Er war schnell der Buhmann. Dass Thurston Moore eine Neue (und Jüngere) hatte, die prominenteste und eine der langlebigsten Ehen im Alternative-Rock ein jähes Ende fand und damit Sonic Youth vor dem Aus stand, das alles wurde von Kim Gordon ans Licht der Öffentlichkeit gebracht, nicht von dem stillen Schlacks, der zusammen mit Kim Gordon und später Lee Ranaldo und Steve Shelly dreißig Jahre lang mit Sonic Youth dem Noise-Rock Intellektualismus einhauchte.

Inzwischen sind genügend Jahre ins Land gegangen. Kim Gordon hat sich erstaunlich weit, vielleicht zu weit, aus dem Fenster gelehnt mit Biographie und einigen Plaudereien aus dem Trennungsnähkästchen, während Thurston Moore fast keine Silbe öffentlich darüber verlor. Und beide haben seit der Trennung von Sonic Youth 2011 hinreichend Musik veröffentlicht für ein kleines Zwischenfazit der Post-Sonic-Youth-Zeit.

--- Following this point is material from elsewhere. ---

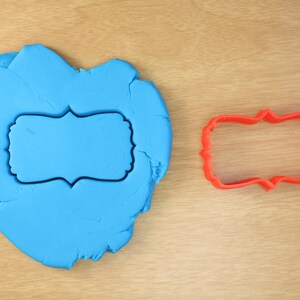 May include: A blue fondant heart with a red plastic cookie cutter in the shape of a decorative frame. The cookie cutter is sitting on a wooden surface.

Spätestens jetzt, mit Thurston Moores fünften Soloalbum „Rock’n’Roll Consciousness“, steht für mich fest: Der relevantere Teil des musizierenden Ehe-Duos Moore/Gordon für die wichtigste Noise-Band der Rock-Geschichte war Thurston.

Was für ein Rock-Album „Rock’n’Roll Consciousness“ geworden ist! Bittersüß, schmerzlich schön, ist es das nächstmögliche Sonic-Youth-Album, das Anhänger so sehr ersehnen und wohl nie bekommen werden.

Kaskaden von Melodie-Läufen; fünf Songs, aber 43 Minuten Spielzeit; die große Repitition von Gitarren-Sounds, die Sonic Youth so unnachahmlich machten: Thurston Moores neues Album hat so viel vom alten Sound, fast wird es erklärbar, dass er das Alte hinter sich ließ: weil er es musikalisch gesprochen schlicht nicht mehr braucht.

Aber nur fast. Sonic-Youth-Drummer Steve Shelly poltert durchaus verjüngt neben den Gitarren-Sounds her. Der zweite Gitarrist James Sedwards hingegen mischt schöne Blues-Akkorde unter Moores stoischen Hypnose-Rock, wie man sie bei Sonic Youth nie zuhören bekommen hat.

Und My Bloody Valentine Bassistin Debbie Googe lässt den Bass wesentlich weniger herausstechen als es Kim Gordon tat, setzt ihn eher ein wie eine grundierende Farbrolle, statt wie einen akzentuierenden Pinsel.

Und an dieser Vergleicherei wird gewahr, dass es das Genuine an Sonic Youth tatsächlich nur mit beiden, nun getrennten, Musikerköpfen geben kann. Es fehlt die Kim Gordon eigene Manie hier, das Wagnis zum Experiment, die Erhebung des Rock-Sounds zu einer Kunst- und Performance-Art.

Thurston hat seinen Frieden damit gemacht. Elegische Lyrics, die die Liebe besingen, machen diesen Gitarren-Trip zu einem wunderschönen Melancholie-Album. Sein jetziger Sound mag sehr nah an die Sonic Youth Zeiten heranreichen und dabei sehr schön klingen, ein Zurückdrehen der Uhr indes, wird es nicht geben.